Type out the lines below exactly, pictures excluded.

═══ SOURCE MATERIAL

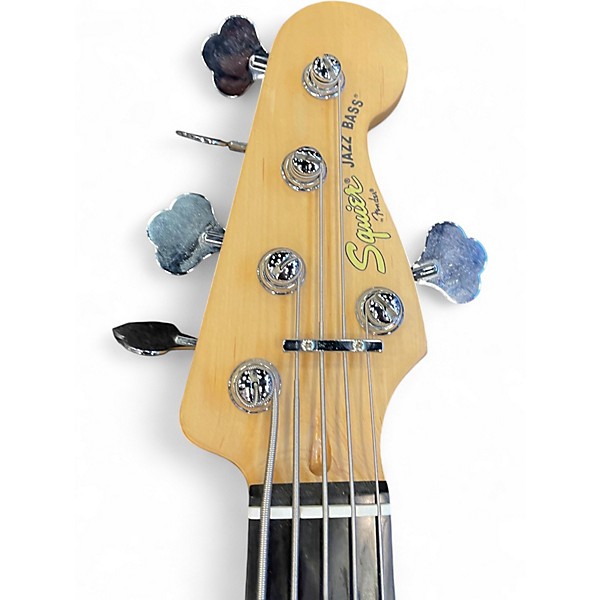 Used Squier Vintage Modified Jazz Bass V Tobacco Electric Bass Guitar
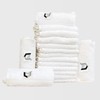 The London Linens Luxury Face Towels White Flannel Face Cloth-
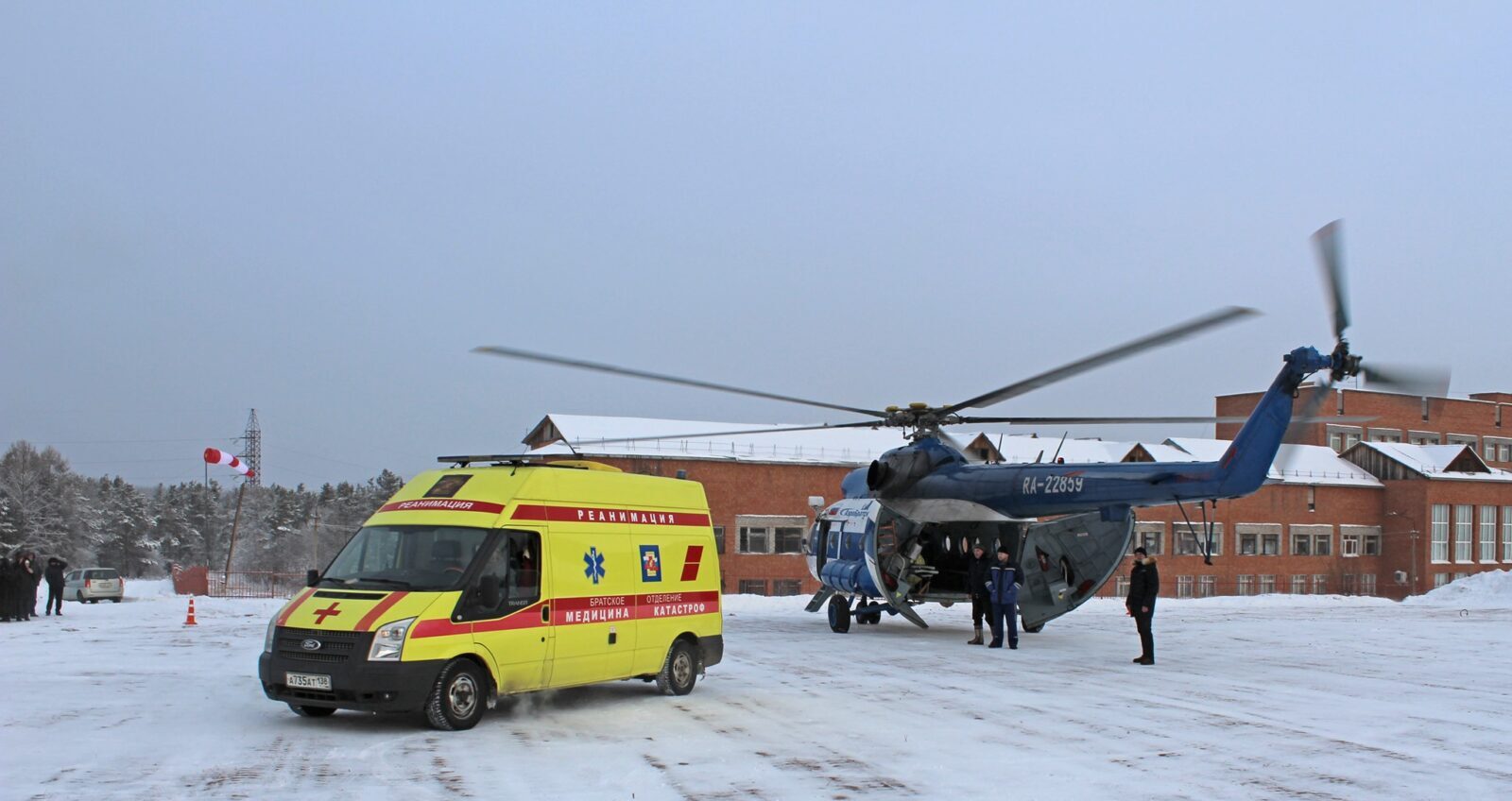 Вертолетную площадку Братской районной больницы модернизируют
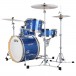Ludwig Continental Club 20'' 4pc Shell Pack, Blue Sparkle - Angle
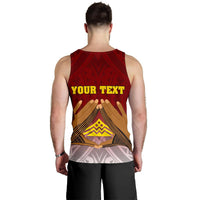 Hawaii Mauna Kea Custom Personalised Men's Tank Top - Hand Sign Symbol - Polynesian Pride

══════

FINAL ANSWER
 Used Squier Vintage Modified Jazz Bass V Tobacco Electric Bass Guitar
 The London Linens Luxury Face Towels White Flannel Face Cloth-
 Вертолетную площадку Братской районной больницы модернизируют
Ludwig Continental Club 20'' 4pc Shell Pack, Blue Sparkle - Angle
 Hawaii Mauna Kea Custom Personalised Men's Tank Top - Hand Sign Symbol - Polynesian Pride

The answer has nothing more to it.